I have a function on a DataFrame which should behave differently depending on the names / eltypes of the DataFrame columns. Is this possible using a multiple-dispatch like pattern?
Example:
using DataFrames
function myfunc(df:: AbstractDataFrame) # call this method if columns a + b exist and are numeric
df[!, :c] = df.a .* df.b
return df
end
function myfunc(df:: AbstractDataFrame) # call this method if columns a + c exist and are numeric
df[!, :b] = df.c ./ df.a
return df
end
foo = DataFrame(a=1:4, b=2:5)
bar = DataFrame(a=1:4, c=3:6)
myfunc(foo) # should call 1st definition
myfunc(bar) # should call 2nd definition
It would be possible to check the column names and eltypes inside the function, but I wonder if there is a more elegant / “Julian” way of doing this.

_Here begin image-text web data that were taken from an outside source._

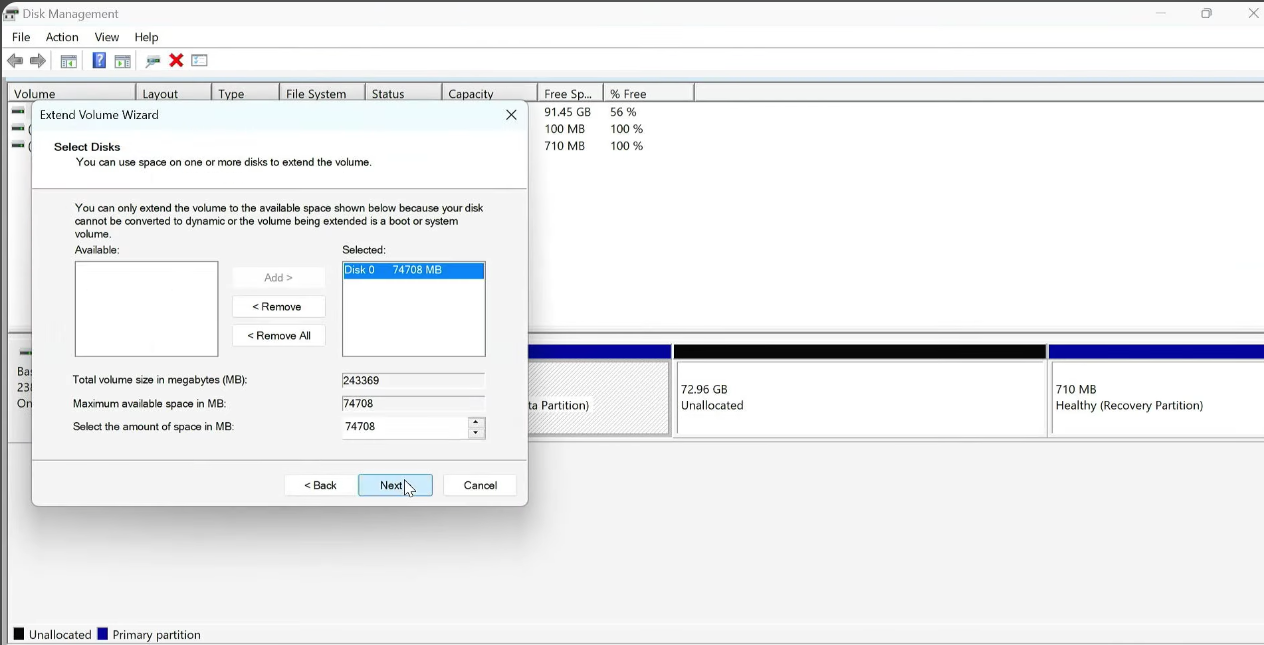 Extend unallocated space to C drive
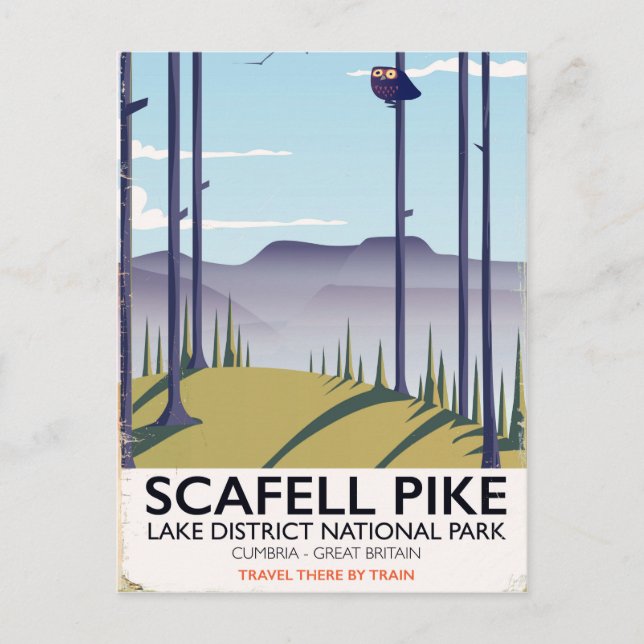 Scafell Pike, Cumbria, Vintage travel poster Postcard (Front)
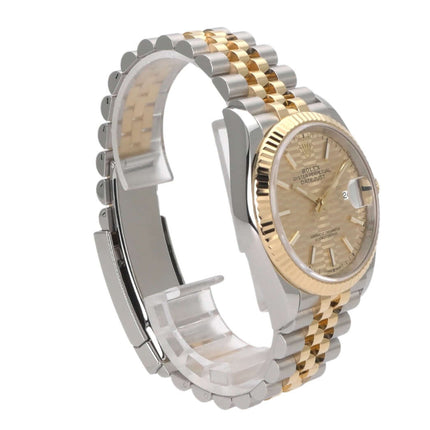 Rolex Datejust 36 Oystersteel Gelbgold 126233 Golden Riffel Jubile-Band mit goldfarbenem Zifferblatt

No, this is not possible with dispatch. Unlike NamedTuples, for example, the names of columns in a DataFrame are not stored in the type information of the data frame.
You will need to use if...else constructs to solve this problem.
Yeah, DataFrames specifically doesn’t encode column name/type information as type parameters, due to the desire to avoid having to recompile lots of methods.
getcolumn(df::AbstractDataFrame, name, default) = name in names(df) ? df[!,name] : default
function myfunc(df::AbstractDataFrame)
a,b,c = (getcolumn(df,name,nothing) for name in ("a", "b", "c"))
_myfunc(df,a,b,c)
end
function _myfunc(df::AbstractDataFrame, a::AbstractVector{<:Number}, b::AbstractVector{<:Number}, c::Nothing)
df[!, :c] = a .* b
return df
end
# etc.
This is probably a scenario where you don’t need dispatch. And because myfunc can’t determint the types of a, b, c, you won’t get a performance benefit from this structure compared to more readable if...else code.